Par ailleurs, les conditions attachées à ces aides — rigueur budgétaire, réduction des subventions, libéralisation du taux de change — affectent directement les plus pauvres, sans mécanismes clairs de compensation. Le FMI appelle à renforcer les filets sociaux ciblés, mais la réalité, c’est qu’ils sont quasi inexistants ou mal exécutés.

Des réformes qui peinent à se concrétiser

Le FMI salue les progrès en matière de réformes : lois sur la Banque centrale, nouveau code des investissements, cadre de gouvernance... Mais il s’agit davantage d’une avalanche de textes que de transformations effectives. Plusieurs de ces textes attendent encore leurs décrets d’application. D’autres sont déjà en vigueur sans produire d’effet tangible.

La fameuse loi sur la déclaration du patrimoine, censée moraliser la vie publique, reste lettre morte faute de publication effective ou de mécanisme de vérification. Quant à l’autorité de lutte contre la corruption, évoquée depuis plus d’un an, elle n’a encore ni siège, ni budget, ni personnel. Et les grandes entreprises d’État continuent d’échapper à tout audit public, malgré les promesses.

Une politique climatique qui piétine

Sur le papier, le programme FRD soutient l’agenda climatique du gouvernement. La "contribution climat" est désormais inscrite au budget, un décret autorise l’accès des producteurs privés aux réseaux électriques, et un mécanisme automatique de tarification des carburants est envisagé. Mais dans un pays où moins de 45 % des zones rurales sont électrifiées, où les inondations périodiques détruisent les quartiers populaires sans réponse étatique structurée, ces annonces apparaissent comme hors-sol.

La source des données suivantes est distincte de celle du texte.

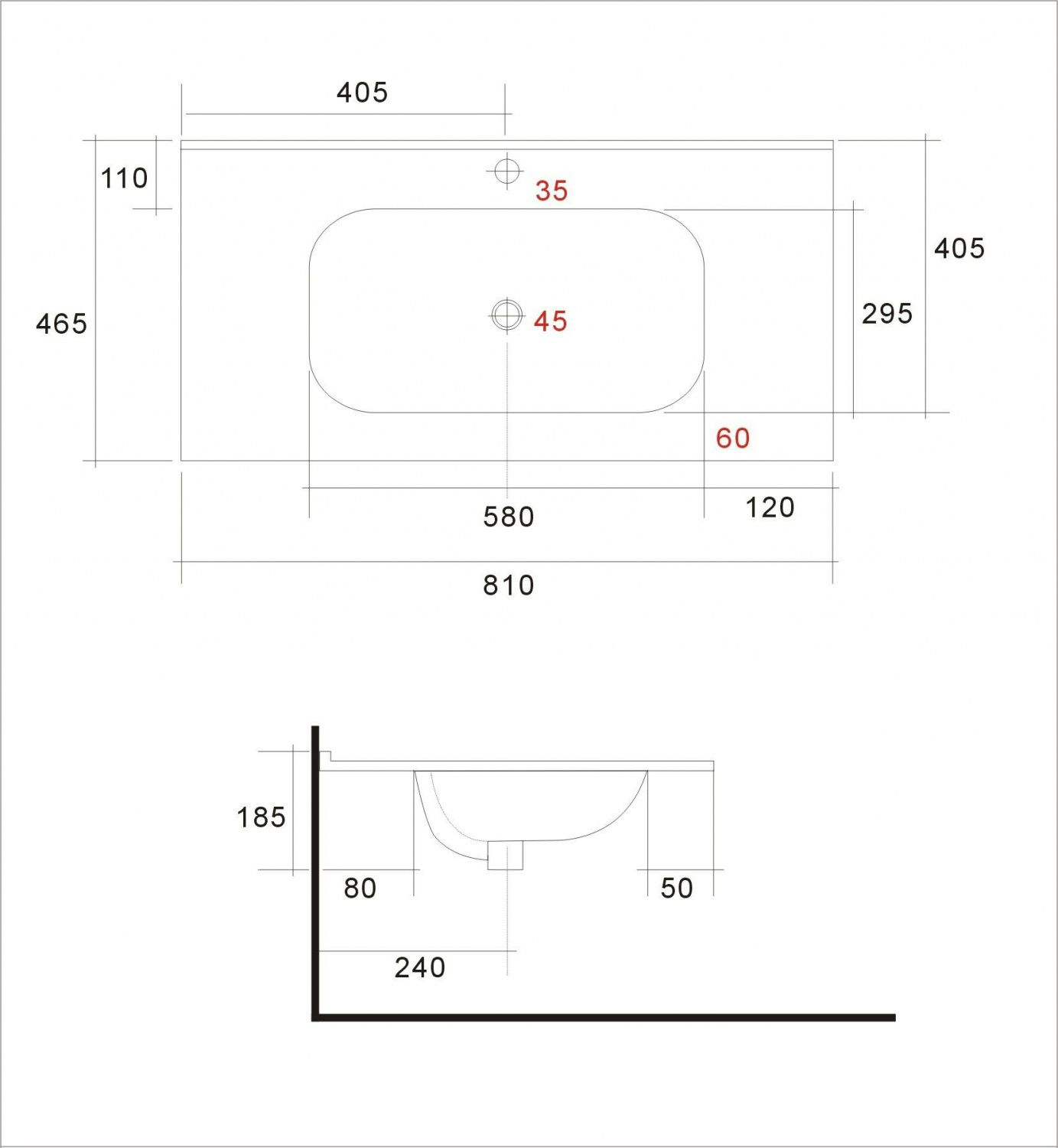 Мебель для ванной Art&Max Elegant 80 см, LED подсветка, белый глянец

La mission a rappelé la nécessité de mesures compensatoires ciblées pour atténuer l’impact de la réforme des prix des carburants. Mais rien n’est dit sur la manière dont ces mesures seront financées ni exécutées.

Une coopération technique ou politique ?

Le FMI affirme avoir eu des discussions « fructueuses » avec le Président Ghazouani, le Premier ministre Mokhtar Ould Diay, les ministres concernés et divers acteurs du secteur privé et de la société civile. Mais les critiques internes sont rarement entendues dans ces cadres très protocolaires. Plusieurs organisations de la société civile, non conviées aux réunions, dénoncent une opacité des négociations, où les priorités sociales sont systématiquement reléguées au second plan.

Et demain ?

L’accord du 9 mai n’est qu’un épisode de plus dans la dépendance structurelle de la Mauritanie vis-à-vis des financements extérieurs. Sans réformes effectives, sans inclusion réelle des acteurs locaux, sans transparence dans l’allocation des ressources, le pays court le risque d’un essoufflement durable dAe sa souveraineté économique.

Les Mauritaniens attendent moins de communiqués optimistes et davantage de résultats concrets dans leur quotidien. Tant que les réformes resteront cosmétiques, la croissance restera hors-sol, et la pauvreté bien réelle.